Их везли на грузовиках по рыхлой разбитой (вероятно бомбежкой) дороге. Три дня назад он стал лейтенантом Красной Армии и естественно рвался в бой, жаждал уничтожать фашистских оккупантов. Но все это было там в училище, а сейчас… Что будет сейчас он додумать не успел. Приехали.
      Первый выстрел по цели. Первый убитый. Потом их было еще много, не сосчитать, но запомнился этот. Выстрел по живой цели, почти в упор.  Молодой лейтенант, не старше его самого неуклюже взмахнув руками и дав последнюю в своей жизни автоматную очередь без цели, куда-то вверх, медленно осел на землю.  Он упал тогда совсем рядом с их дзотом. Упал на спину, раскинув руки. Почему-то он был один.
 Эдуард стоял и смотрел на него, как в гипнотическом трансе не мог оторвать глаз от еще вздрагивающего в предсмертных конвульсиях тела. Потом ему стало плохо, тошнота предательски подкатывала к горлу, и лейтенант поднявшись отошел от своих товарищей. Он не видел как кто-то из его сослуживцев  выбравшись из укрытия, подполз к убитому им солдату и быстро провел руками   вдоль тела, нечего значительного у капрала не было, фляга, да пачка сигарет, вот и все.... Ночью они с приятелем-однополчанином пили не привычный напиток и курили ЕГО сигареты. В тот момент перед его глазами стояло лицо немца, и в нем не было нечего сатанинского, лишь непомерное удивление. Он так же как и все, как сам Эдик не верил в свою смерть, считая себя непобедимым.

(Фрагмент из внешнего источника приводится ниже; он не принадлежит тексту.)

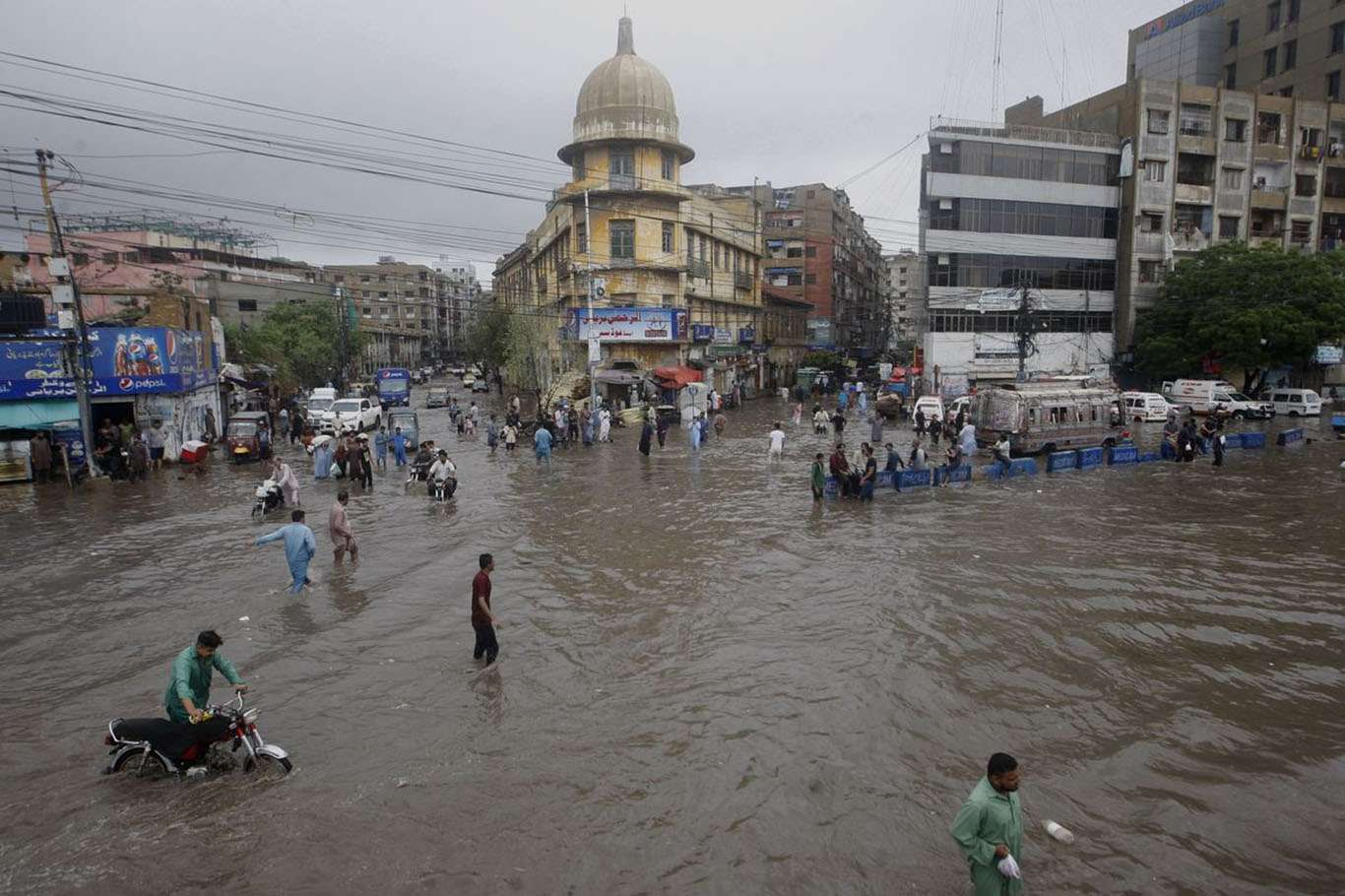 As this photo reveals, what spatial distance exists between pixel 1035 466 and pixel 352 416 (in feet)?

     «Интересно, - подумал он, - повстречаемся ли с ним? Что мы друг другу скажем? И оправдываться не в чем, не я так он. Глупая, пошлая военная истина »

    А, вот еще,  уже 44-й.  Где? Даже вспомнить трудно, бой тогда был тяжелый, а после в отдаленном окопе он был вместе с хорошенькой девочкой-связисткой. Как же звали ее?  Варя ... Вера... Валя... Нет, уже не вспомнить! А потом ночью письмо Люси писал, как любит, как скучает... А девочку эту убило  той же ночью, во время воздушного налета убило. Хоронили наспех, уходить надо было. Тогда Эдуард плакал на ее могиле, а сейчас и имя то вспомнить не может!

       Причудлива память человеческая, живя, не помним мы вчерашнего дня, а переступаешь за порог смерти своей, и повалили воспоминания лавиной снежной. Что кому сказал, что сделал и что не успел или не смог, не захотел.  Каждую минуту жизни своей помнишь, проживаешь ее заново, анализируешь.
    Хорошо Кузьме Васильеву. Нету у него такой памяти. И нет перед ним бесконечной пустоши. 
А впереди вечность…
 

     Между тем в окружающем пейзаже что-то изменилось. А  именно черное заменилось серым, вместо сожженной травы появились серые камни валуны. Да и солнце немного склонилось к горизонту, хотя старику казалось, что не часы
прошли, а годы.

     В родной Ростов Эдуард Аркадьевич вернулся в начале 46-го, так получилось. Сразу женился. Правда безоблачная радость от победы померкла в свете реальности. А реальность была такова: голод, хлеб по карточкам, полуразрушенный дом. А тут еще и беременность Люси, решение об аборте (здесь еще и мама масла подлила, мол, еще родите какие ваши годы…). Родить больше не удалось, а вот жизнь вскоре наладилась. Военным Эдуард все же не стал, хотя и мечтал когда-то, училище заканчивал, но перегорело после войны это желание.  «Все, хватит, - решил он,- навоевался».  На права выучился, шоферить начал, начальником  автоколонны на пенсию вышел. Жил как все не шатко не вятко, зла, в общем - то никому не делал. Только вот сейчас кажется, что пусто прожил, ну не так как надо. А как надо было? Кто на сей вопрос ответить сможет? Что там, на земле грешной после себя оставил? Да ничего он не оставил, не чего не изменил. Только Кузьку, кота бродячего от собак спас, отогрел и оставил жить в тепле и сытости.
Старику стало тоскливо и невероятно жалко себя. А солнце меж тем начало медленно заходить за горизонт. Эдуард увидел земляную насыпь, присел. Через минуту уставшего, больного человека на холме не стало. Каменистая местность ждала новых посетителей.

… человек в смятении кружил по золотистым облакам, то приседая, то принимаясь куда-то бежать. Ему было страшно.
- Ну, здравствуй Николай,-  крикнул своему боевому товарищу Сизоренко,- а Бог все-таки есть.